Wednesday, 3 September 2008

Moved and Unplugged


We’ve been out of internet communication since we moved six houses up the street on August 19. Back in April we began looking around for a different house to rent after spending 8 out of 12 months of tenancy with a roof that leaked and water dripping down a few walls and ceiling which was really the icing on the cake after dealing with a rather stingy landlord. What we moved to was like a well kept secret at the end of our alley. A retired couple, who wanted to travel and live abroad while still in good health, has rented us their fantastic house. It’s like being in a vacation house with a beautiful English garden (yard with loads of flowers and fruit and vegetable gardens) The difference is we are in someone’s home rather than rental property. They left us shelves of movies, appliances, nice furnishings, a gorgeous yard, kitchen and sunroom! What a privilege – and it’s all on the same busy street into town. At the turn of the century it was a farm house, then a girl’s boarding school, then a private home. Part of it has two other flats rented out and we occupy the main house. It’s set back way off the road which is why I said it’s a well kept secret – you’d never guess there was so much land back here behind all of the houses.

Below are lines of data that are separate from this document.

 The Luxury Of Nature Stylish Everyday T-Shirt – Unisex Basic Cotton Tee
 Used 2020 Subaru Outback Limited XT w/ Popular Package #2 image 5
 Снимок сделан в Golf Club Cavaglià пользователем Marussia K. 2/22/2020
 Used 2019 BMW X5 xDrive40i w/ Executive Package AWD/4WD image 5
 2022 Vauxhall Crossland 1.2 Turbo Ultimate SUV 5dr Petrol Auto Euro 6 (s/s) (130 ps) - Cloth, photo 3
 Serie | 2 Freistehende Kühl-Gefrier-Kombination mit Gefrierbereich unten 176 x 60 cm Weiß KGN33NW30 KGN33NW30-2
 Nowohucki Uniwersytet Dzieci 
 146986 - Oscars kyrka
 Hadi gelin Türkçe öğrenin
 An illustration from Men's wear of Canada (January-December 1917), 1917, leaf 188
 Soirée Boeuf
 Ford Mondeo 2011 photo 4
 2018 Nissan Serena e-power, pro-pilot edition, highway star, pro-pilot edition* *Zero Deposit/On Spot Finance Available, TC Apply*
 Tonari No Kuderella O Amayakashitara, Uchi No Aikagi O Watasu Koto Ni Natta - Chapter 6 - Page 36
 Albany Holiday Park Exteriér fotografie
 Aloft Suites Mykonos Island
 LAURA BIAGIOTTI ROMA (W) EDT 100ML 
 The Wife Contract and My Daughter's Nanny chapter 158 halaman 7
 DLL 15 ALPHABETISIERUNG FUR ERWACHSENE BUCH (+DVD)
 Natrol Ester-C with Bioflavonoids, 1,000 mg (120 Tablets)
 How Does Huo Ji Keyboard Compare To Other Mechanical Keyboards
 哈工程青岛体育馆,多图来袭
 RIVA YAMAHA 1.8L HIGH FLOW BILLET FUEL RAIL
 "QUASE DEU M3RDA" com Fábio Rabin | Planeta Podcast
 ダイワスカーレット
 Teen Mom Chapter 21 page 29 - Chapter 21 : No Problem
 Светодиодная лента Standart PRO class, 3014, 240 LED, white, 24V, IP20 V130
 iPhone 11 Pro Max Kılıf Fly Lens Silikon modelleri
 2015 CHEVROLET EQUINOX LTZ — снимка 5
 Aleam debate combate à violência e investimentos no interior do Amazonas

When we moved from Augusta we shipped 2000 pounds of stuff and carried on 8 suitcases/duffle bags plus a cello and guitar. I ask how hard could that be to pack up and move a few houses away? Shouldn’t have been hard but somehow our stuff had multiplied – or so it seemed to me. Two American ladies, Marlene and Lynn, Marlene’s son with dislocated shoulder, AC’s three friend’s Josh, Ben and Lucy and Julieanne’s friend, Charlotte joined us like ants as we moved stuff up the street. We would load the back of the car up, I would drive it up the alley while they walked, unload it in the new house and then start again…12 times. They were a great help. Don’t ever let someone tell you moving 5 people is no big deal.

The hardest part for me was dealing with the old landlord. She develops properties for a living and at the end of the day what matters to her is the bottom line financially which is her motivator for decision making. Well, I don’t operate that way and we had patiently put up with disrepair for far too long. It shouldn’t take 8 months to fix leaks in the roof but it all came down to money because no one wanted to be responsible. Anyway, she expected the house to be returned to her in ‘pristine’ condition in order to get our deposit back. You know our family, we live large and the house though extremely clean when we were done did not look pristine. We ended up shampooing carpets, painting the kitchen and stairwell, hiring people to clean the windows and tidy the garden. She got a house better than when we found it. She bickered over a bent curtain rod which Dennis had fidgeted with for a year after we had spend several hundred pounds adding shrubs, flowers, shelves, hooks, etc. I was quite upset to have been taken advantage of requiring many a Gospel conversation with myself to beat the vengeful thoughts I was having. Were it not for the Lord’s transforming work of grace in my life, I would be a major bitty no doubt.

So we are moved and enjoying it ever so much!

1 comment:

Jon said...

yow! 12 loads! note to self: never complain about moving agian.